A queima de fogos deu ao Rio de Janeiro uma espécie de passaporte global para integrar o prestigioso número das grandes capitais da Terra por onde ingressa o Novo Ano, acompanhado pela escolta das grandes multidões, a fanfarra em altos decibéis e a sempre mais complexa, quase barroca, e cada vez mais longa pirotecnia.
Pagou-se, contudo, um preço elevado: o quase eclipse das religiões africanas, que coloriam nossas praias, no dia 31 de dezembro, com uma carga poética inesquecível, para quem as alcançou. Todo um arquipélago de velas brilhantes, que pontilhavam a areia de luz e sombra, com os perfumados barcos de Iemanjá, boa parte dos quais azulados, e os tambores cadenciados, ao mesmo tempo suaves e vigorosos, que se confundiam com as batidas do coração.

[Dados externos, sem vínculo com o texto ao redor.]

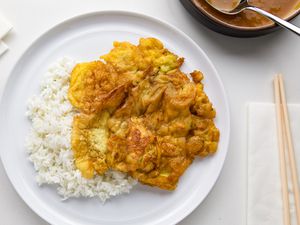 Egg Foo Young on a Plate with Jasmine Rice at a Table Setting with Chopsticks on a Napkin and a Pot of Sauce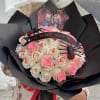 Spook her with this wrapped 3 doz long stem rose bouquet on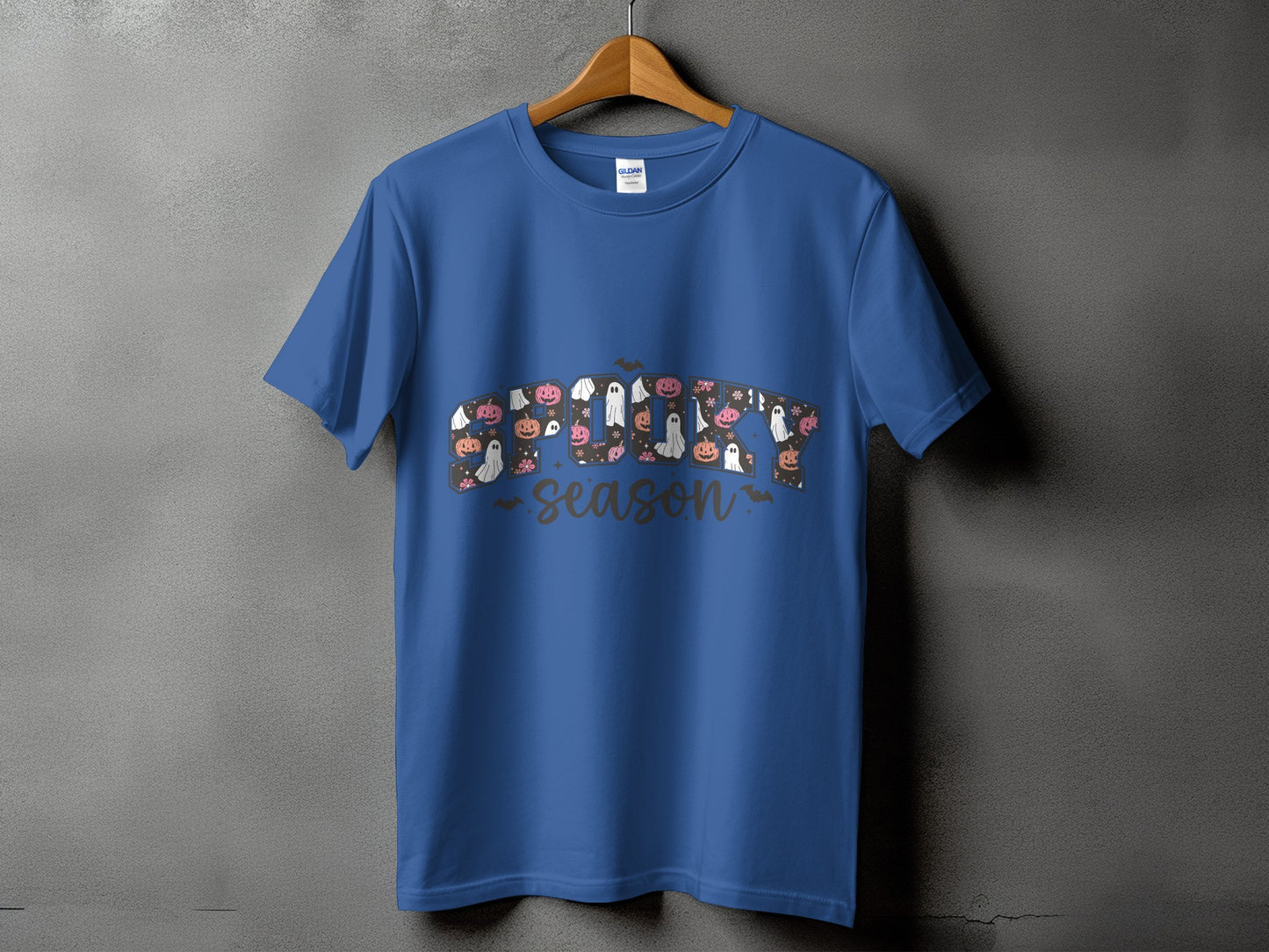 Blue t-shirt with "Spooky Season" graphic featuring pumpkins and ghosts.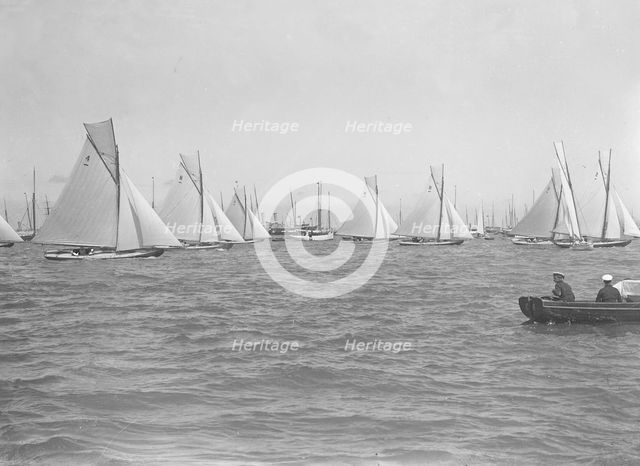 Sailing yachts cross start line. Creator: Kirk & Sons of Cowes.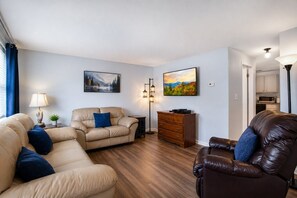 Een woonkamer met een bank, fauteuil en een leren stoel. Er staat een dressoir, een lamp en er hangen twee schilderijen aan de muur.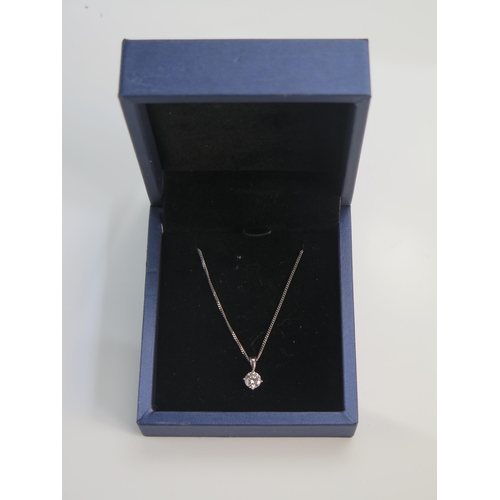 152 - An 18ct White Gold and Diamond Pendant, 5.6mm brilliant round cut and on an 18ct 18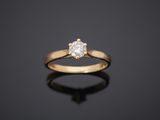 a single stone diamond ring on a black surface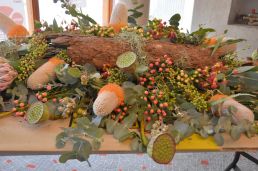 Kistversiering met papaver, boomschors, bessen, eucalyptus en banksia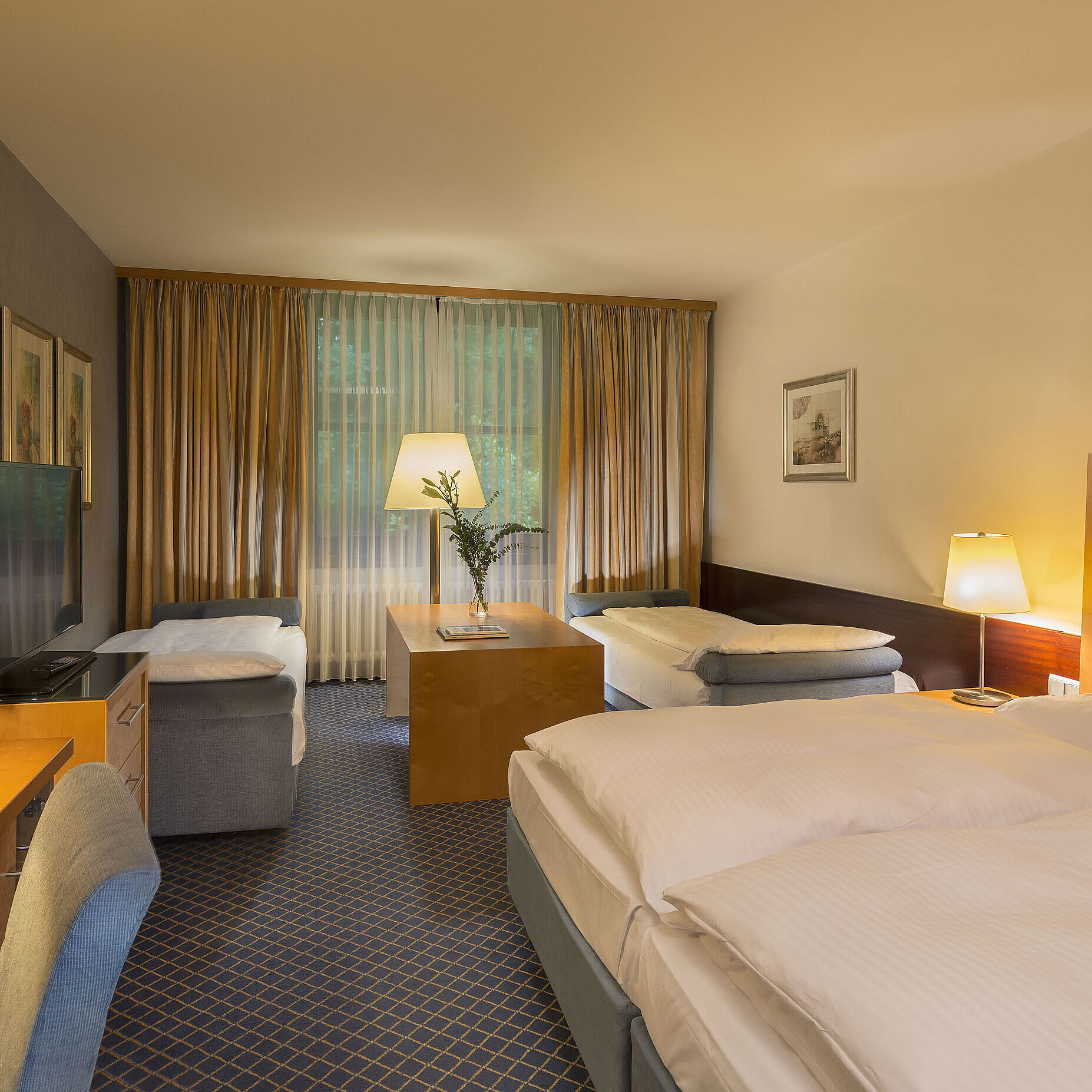 Spacious family room at Maritim Hotel Fulda with four beds, desk, and cozy atmosphere.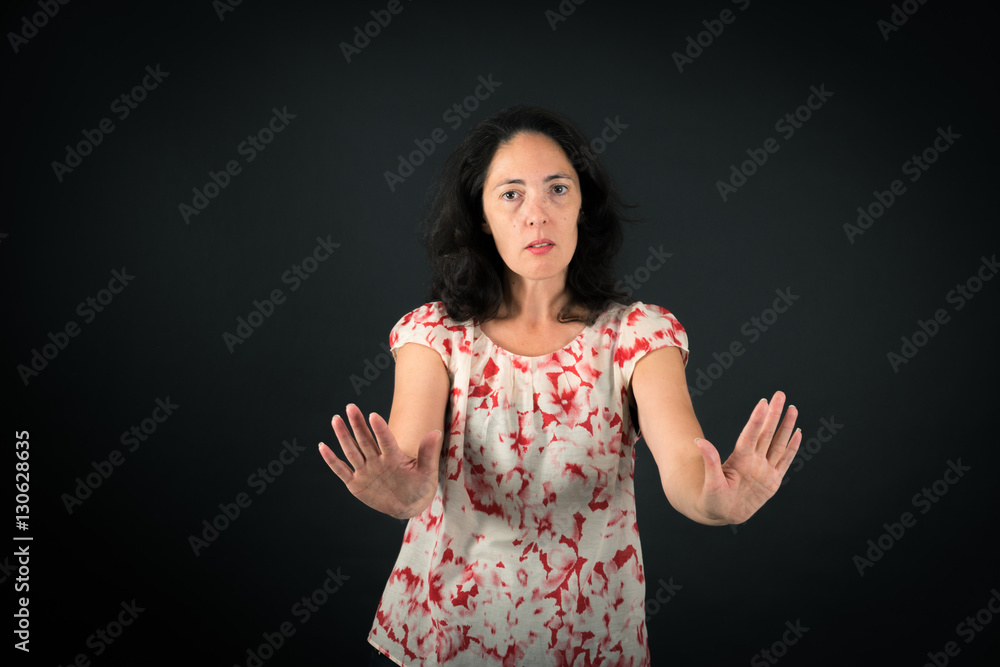 Beautiful woman doing different expressions in different sets of clothes: stop sign Beautiful woman doing different expressions in different sets of clothes: stop sign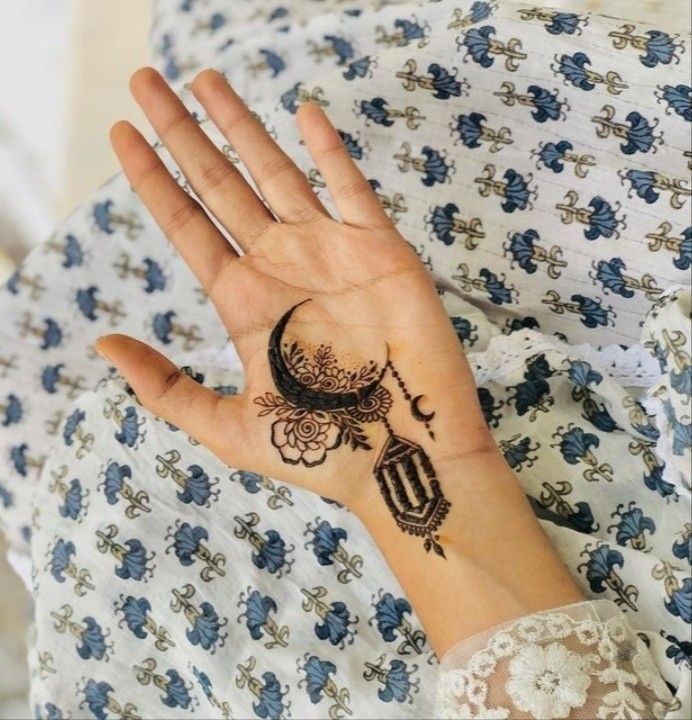 a woman's hand with a henna tattoo on her left wrist and an intricate design on the palm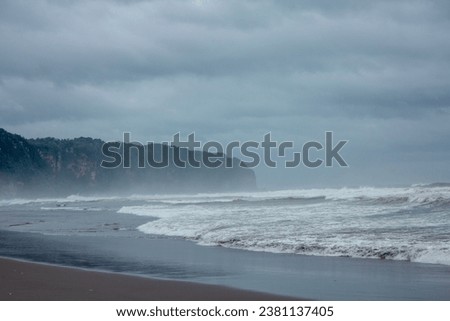 Misty beach with haze, big wave, and cliff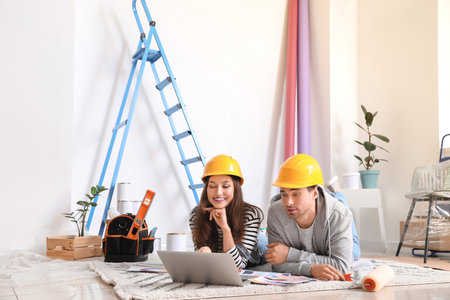 Happy young couple with palette samples and laptop planning repair in their new houseの写真素材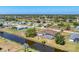 Aerial view showcasing property's waterfront location with canal views at 39 Fairway Rd, Rotonda West, FL 33947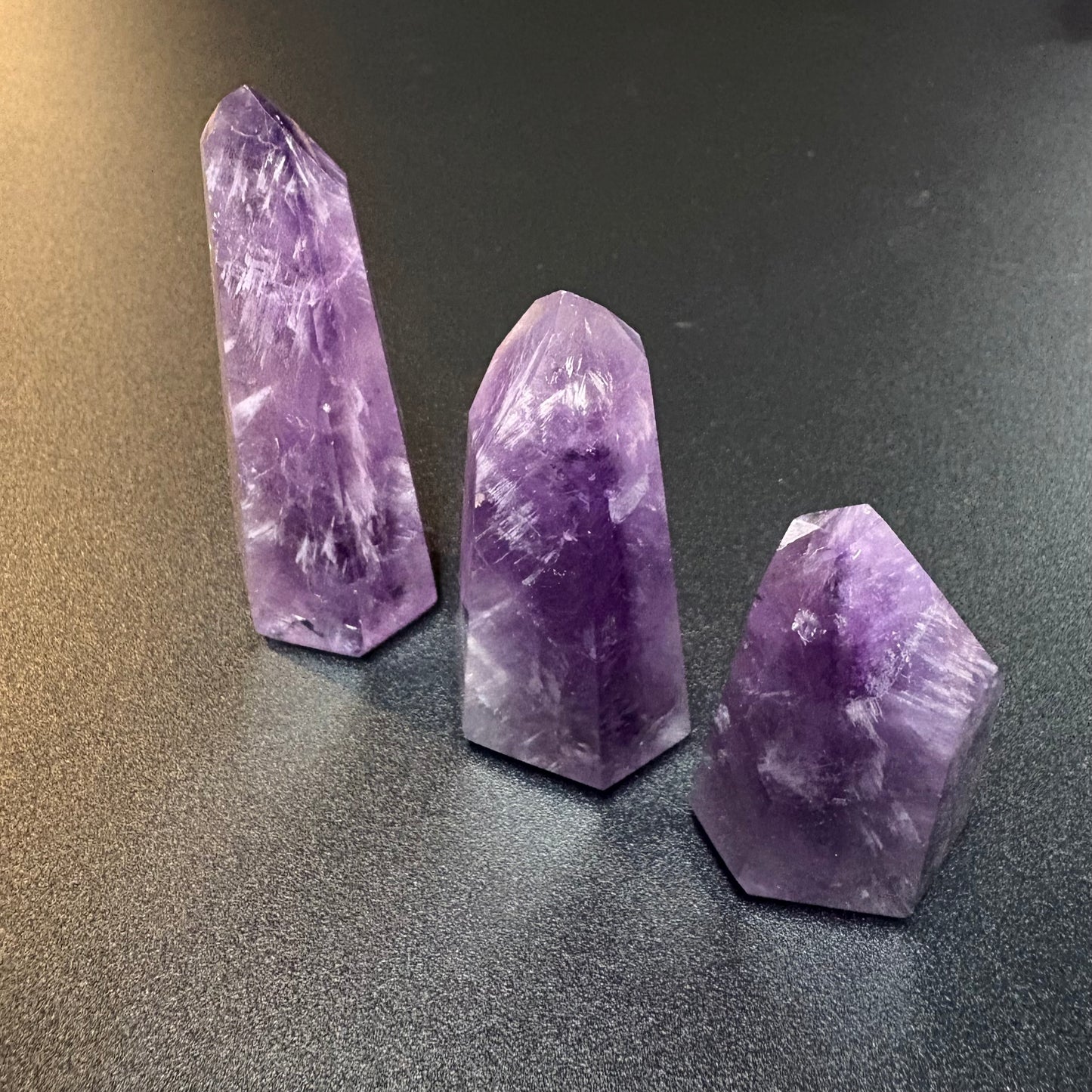 Three natural amethyst crystal points of different heights arranged on a dark gray textured surface.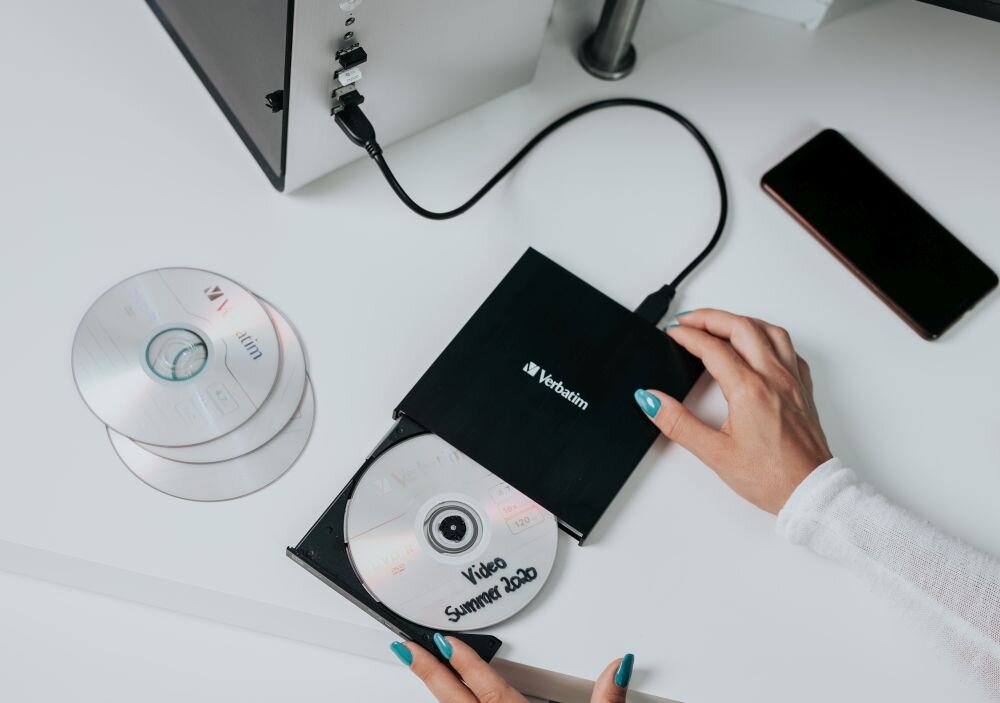 Nagrywarka VERBATIM External Slimline CD/DVD Writer Czarny napęd optyczny podłączony kablem, w wysuniętej tacce znajduje się płyta z napisem 'Video Summer 2020', obok leżą dwie płyty i smartfon przenośna nagrywarka USB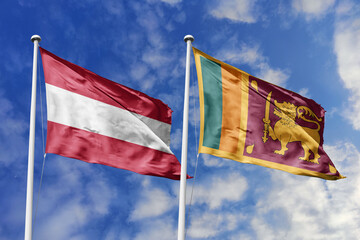 3d illustration. Austria and Sri Lanka Flag waving in sky. High detailed waving flag. 3D render. Waving in sky. Flags fluttered in the cloudy sky.
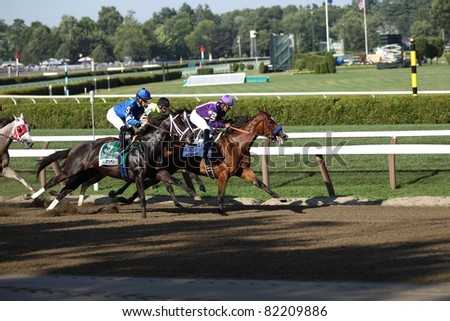 SARATOGA SPRINGS - JULY 23: Plum Pretty leads It's Tricky in the Grade 1 Coaches Club American Oaks Stakes July 23, 2011 in Saratoga Springs, NY.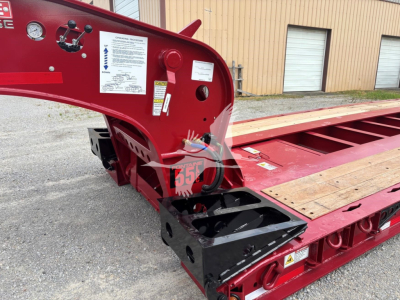 Fontaine lowboy trailer deck and neck section with warning labels and structural components visible.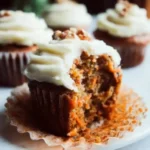 Delicious carrot cake cupcakes with cream cheese frosting on a rustic plate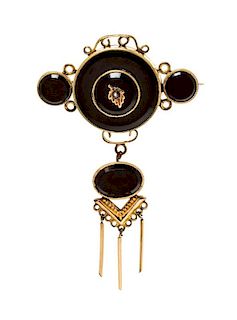 A Victorian Gold Filled, Onyx, and Seed Pearl Brooch, 6.00 dwts.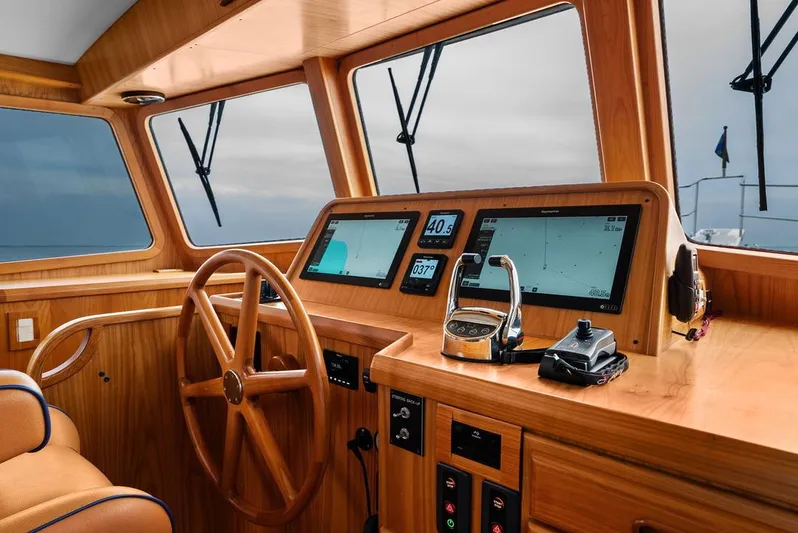 Dogfish Yacht Photos Pics Helm of 2023 Krogen Express 52 yacht with wooden finish and modern navigation displays.
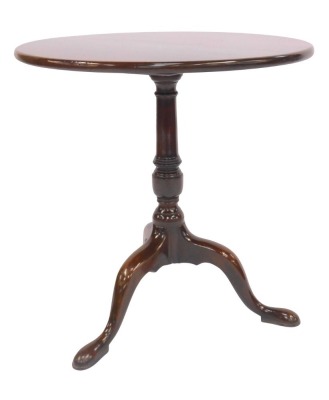 A 19thC tilt top table, the circular top on a turned column raised on cabriole legs on pad feet, 69cm high, the top 68.5cm diameter.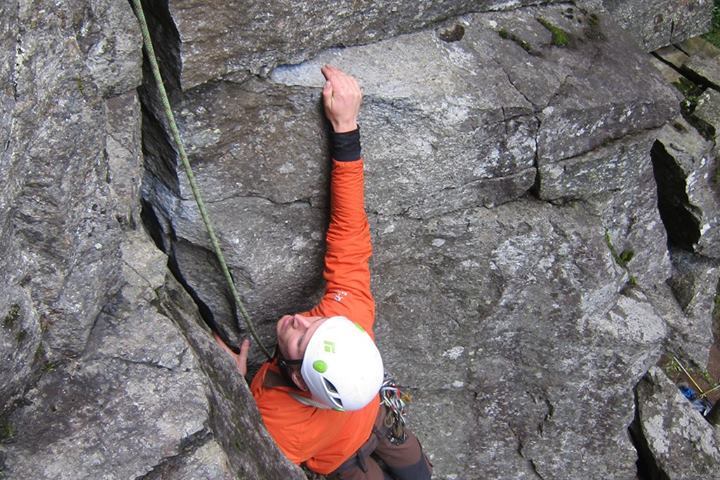 a man climbing on a rock wall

Mas outra praia resiste e cresce. A um mês do Carnaval, vejo com alegria que o grupo Olodum prestará homenagem à Etiópia, dentro de seu projeto de trabalhar com as vozes da África, que constituem a espessa camada negra e polifônica de nossa História. “Lalibela Olodum” é o título da música, deliciosa de pronunciar, como um mantra, apoiado na letra “l” e na fartura de vogais.
Lalibela ou Lalibäla é uma das cidades mais fascinantes da Etiópia, com suas igrejas esculpidas na pedra, por ordem de um antigo rei, que sonhava edificar uma nova Jerusalém no coração da África. A igreja ortodoxa da Etiópia é uma das mais antigas do cristianismo, com uma visão de mundo original, calendário próprio, Juliano, e não Gregoriano como o nosso, com três livros a mais do que o Antigo Testamento, como o livro de Enoque, por exemplo, e uma liturgia de rara beleza.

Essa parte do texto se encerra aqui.